Upfront: No Scripted Series in the Cards for Hallmark


Despite the immediate impact a hit series can have on a network’s prime time ratings, Hallmark Channel in the near term has no plans to roll out an original scripted show. Instead, the independent cable outlet will build on its established strategy of delivering home-baked movie events while bulking up its daytime lifestyle programming block.

Speaking at Hallmark’s New York upfront luncheon, the network’s programming chief unveiled a slate of 25 original movies for 2011-12, the majority of which (15) will feature holiday themes. Another eight titles are slated for premiere on sibling net Hallmark Movie Channel.
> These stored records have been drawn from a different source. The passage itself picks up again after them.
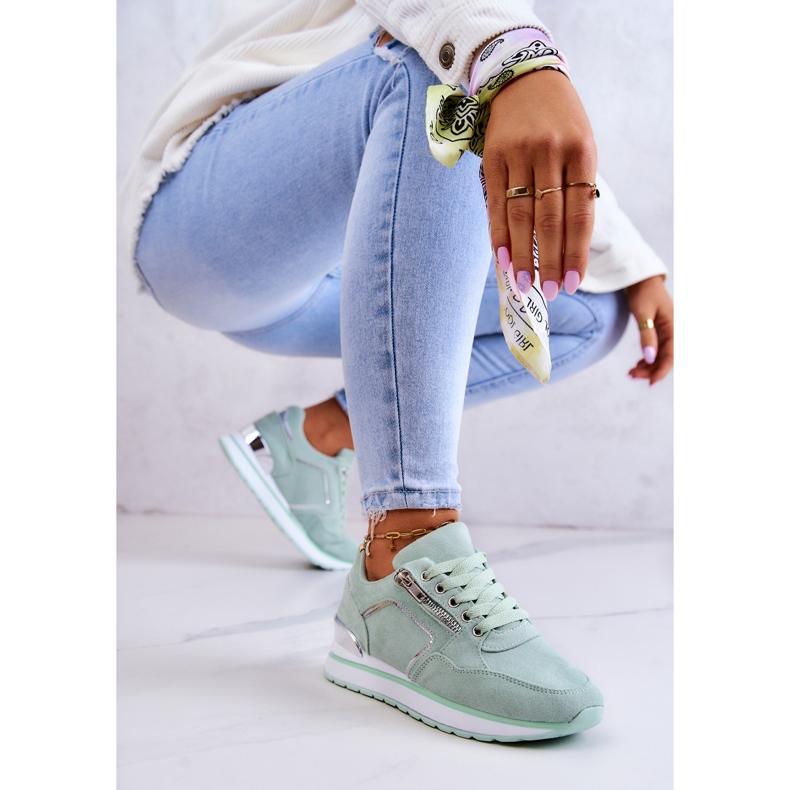 FB2 Suede Sport Shoes On A Light Green Riverside Platform 1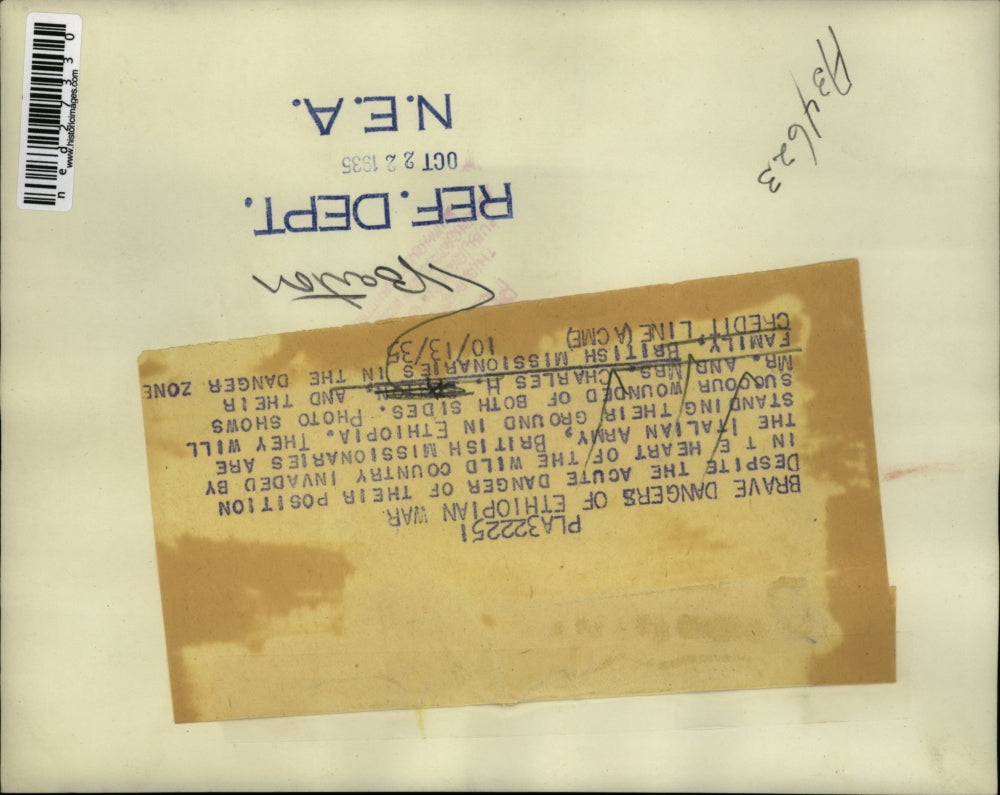 1935 Press Photo Mr and Mrs Charles Barton and their family during the Ethiopian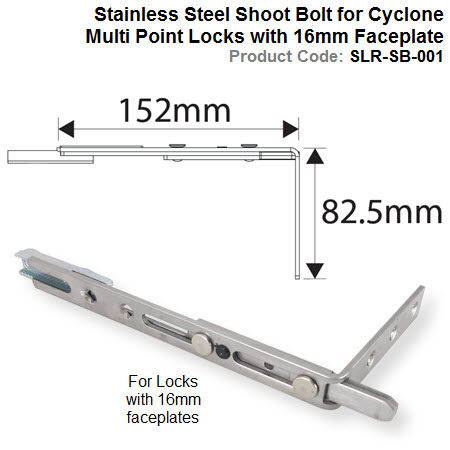 Stainless Steel Shoot Bolt for Cyclone Multi Point Locks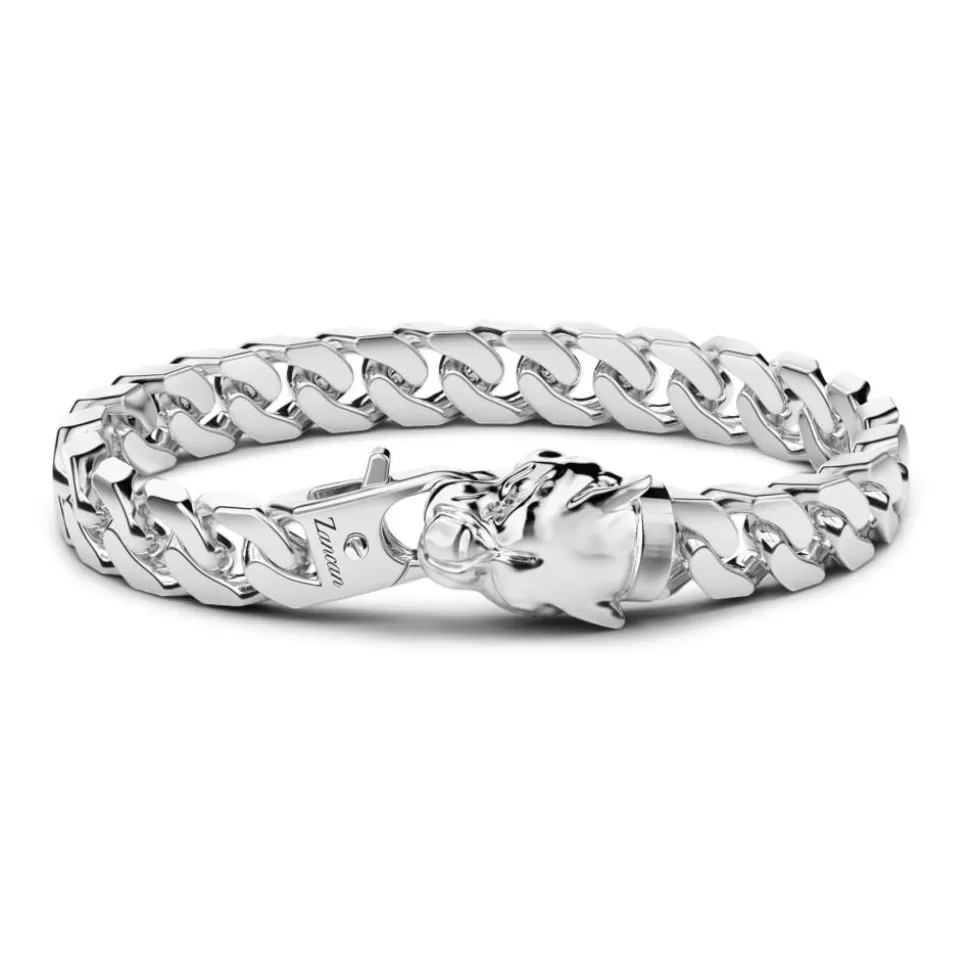 Zancan Silver Curb Chain Bracelet With Panther Head Closure.^Zancan Gioielli Cheap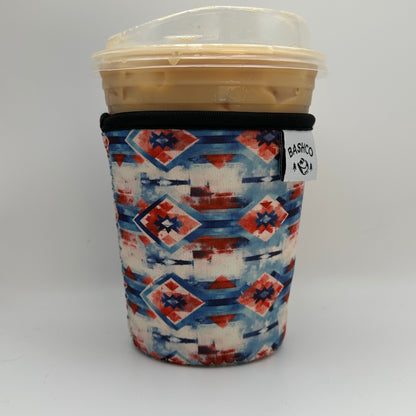 Blue Southwest Patterned Coffee Sleeve | Western Coffee Sleeve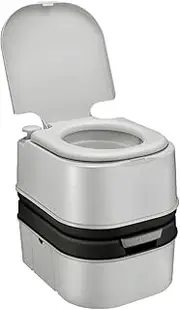 [OGL] Portable Toilet 24L Camping Potties Outdoor Toilet Hiking Caravan Travel Porta Potty,Black&Grey,46x38x44cm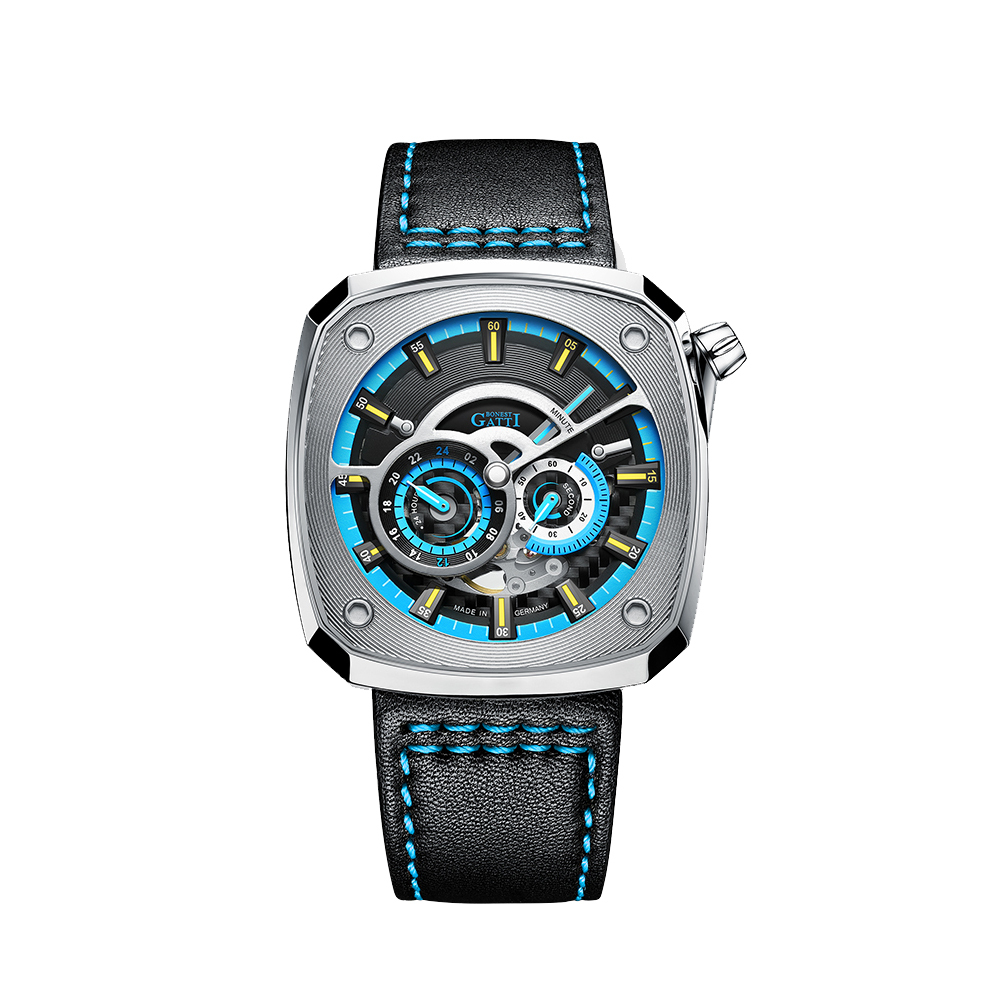 (預購)【Bonest Gatti】離岸時速系列 BG6601-B 縷空錶盤 藍寶石鏡面 真皮錶帶 強力夜光 機械錶 寶石軸承
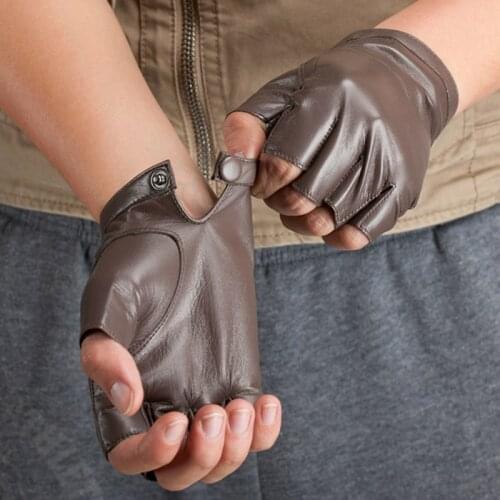 Fashion Half Finger Men Leather Gloves Genuine Leather Driving Gloves Women Solid Black Fingerless Mittens AGD001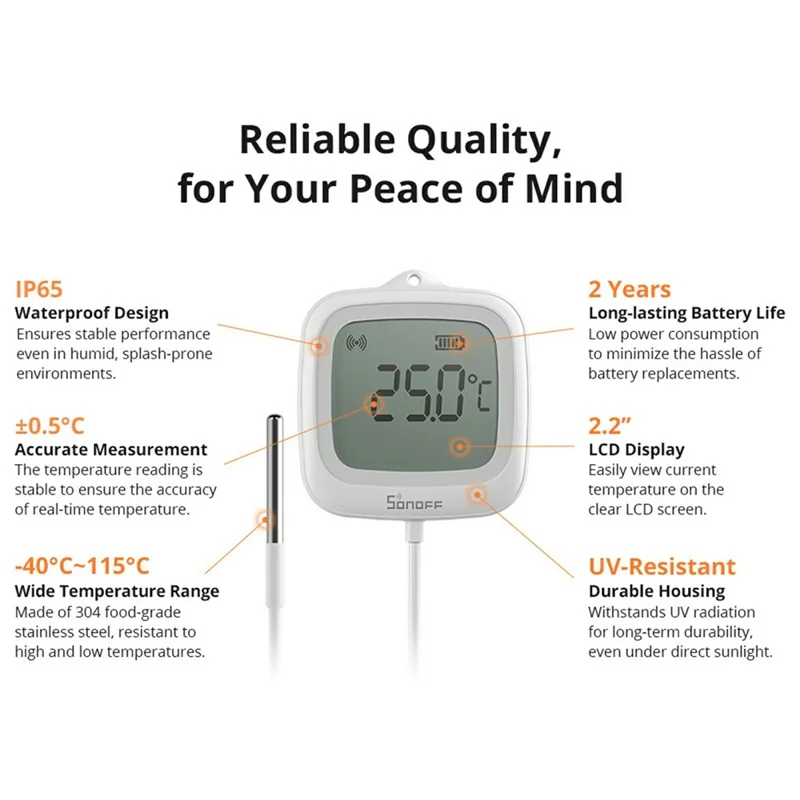 SONOFF SNZB-02LD Zigbee 3.0 LCD Smart Thermometer with Probe for Pool Bathtub Fridge Temperature Sensor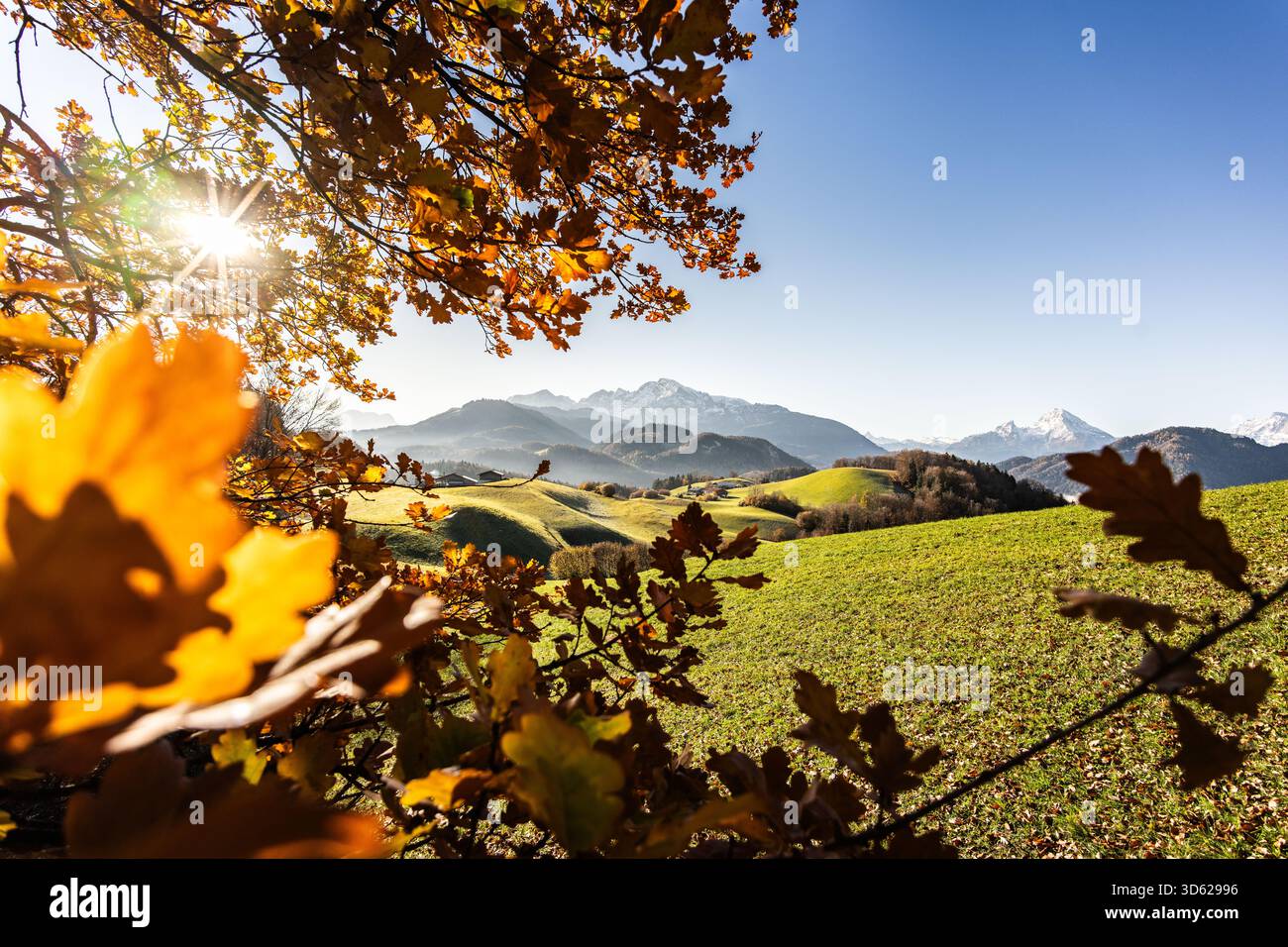 Herbstliche Landschaft in Bayern an der Grenze zu Salzburg mit Blick ...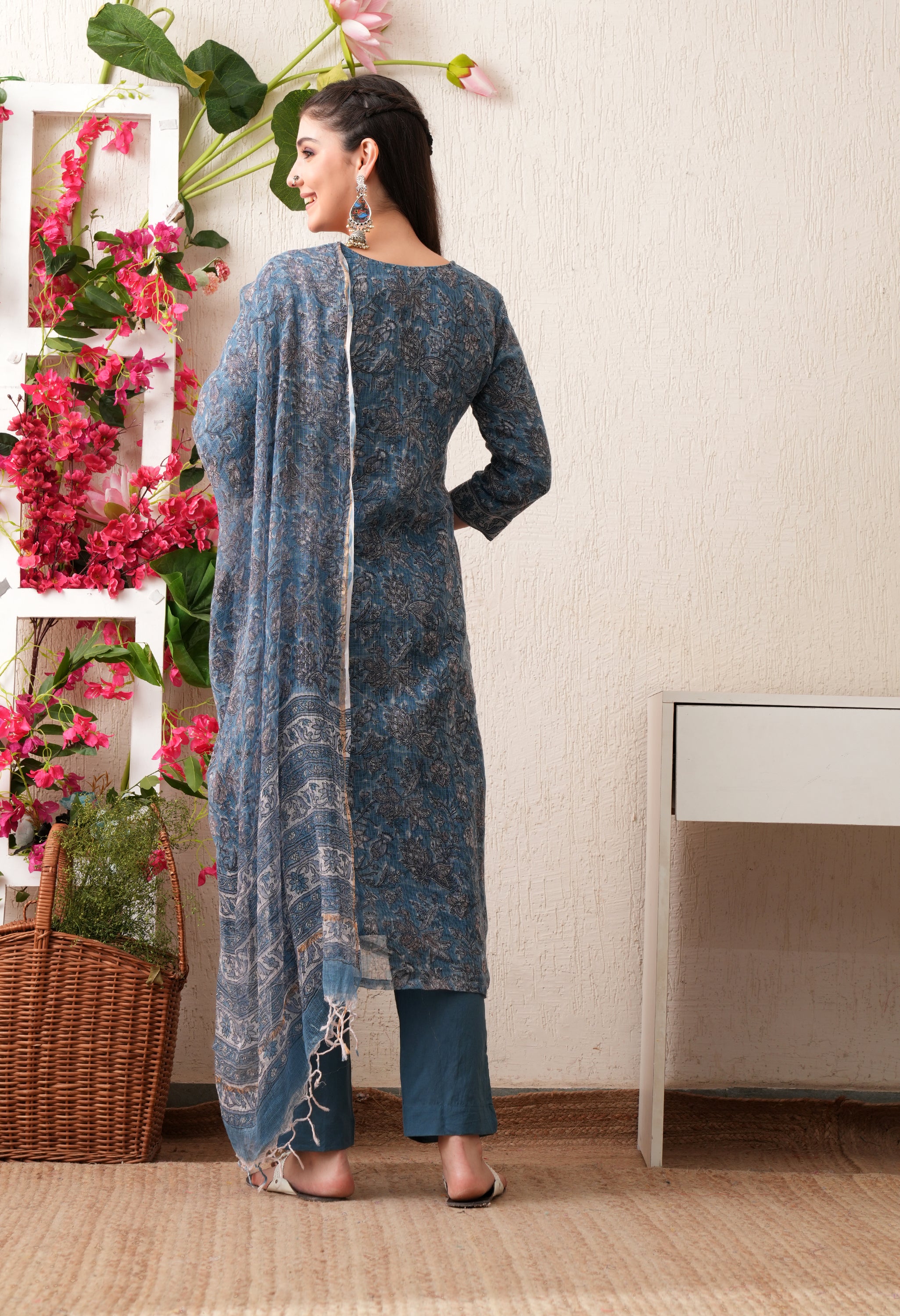 Noor Hand Block Print Kota Doria Suit Set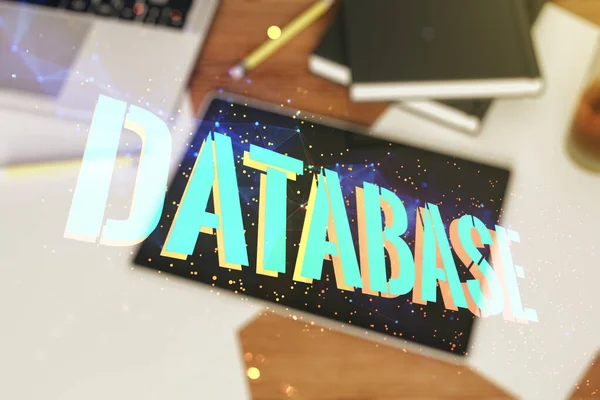 Double exposure of Database word sign and modern digital tablet on background, top view, global research and analytics concept — Stock fotografie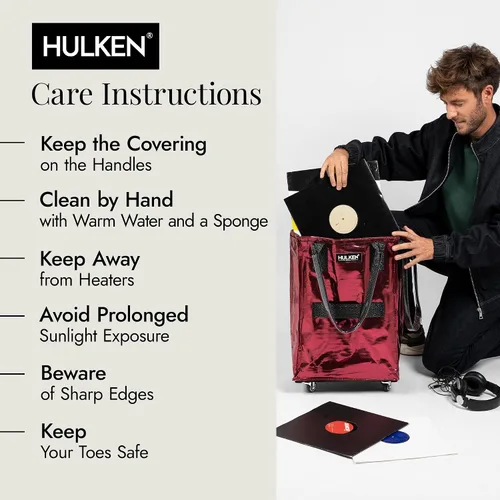 Vista 7 de HULKEN (Pequeño, Rojo Cósmico) Bolsa de comestibles reutilizable sobre ruedas, carrito de compras, bolsa con ruedas, cierre de cremallera, ligera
“Original programs that celebrate holidays, family and all of life’s special moments are the centerpiece of Hallmark Channel’s programming schedule,” said Michelle Vicary, evp, programming, Crown Media Networks. Movies developed around Halloween, Christmas and other retail-friendly dates on the calendar not only draw ratings but also drive viewers to Hallmark Gold Crown’s 3,200 national storefronts.

Introduced in October 2009, Hallmark’s “Holiday Countdown” stunts are responsible for the channel’s largest deliveries. Christmas-themed movies are particularly reliable draws; for example, Hallmark’s Dec. 4 screening of the Christine Taylor flick Farewell, Mr. Kringle, served up 3.54 million viewers, roughly double the 1.68 million viewers the network averaged in prime throughout that same week.

Holiday movies also played a key role in boosting Hallmark’s ad sales revenues. In Q4 2010, the network took in $68.5 million in sales, an improvement of 13 percent versus its year-ago haul of $60.8 million. This marked the second consecutive gain in sponsor dollars in the wake of a seven-quarter slide.

Among the familiar faces that will appear in this year’s holiday film slate are: Teri Polo, Judd Nelson, Martin Mull, Rhea Perlman, Roger Moore, Catherine Bell, Bill Ray Cyrus and Hot in Cleveland’s Wendy Malick. The latter actress is of particular interest, as her series all but single-handedly turned around the fortunes at Viacom’s TV Land.

In June 2010, the month Hot in Cleveland premiered, TV Land’s prime time ratings soared 54 percent. In its first full month on-air, the comedy helped improve TV Land’s nightly deliveries by 69 percent.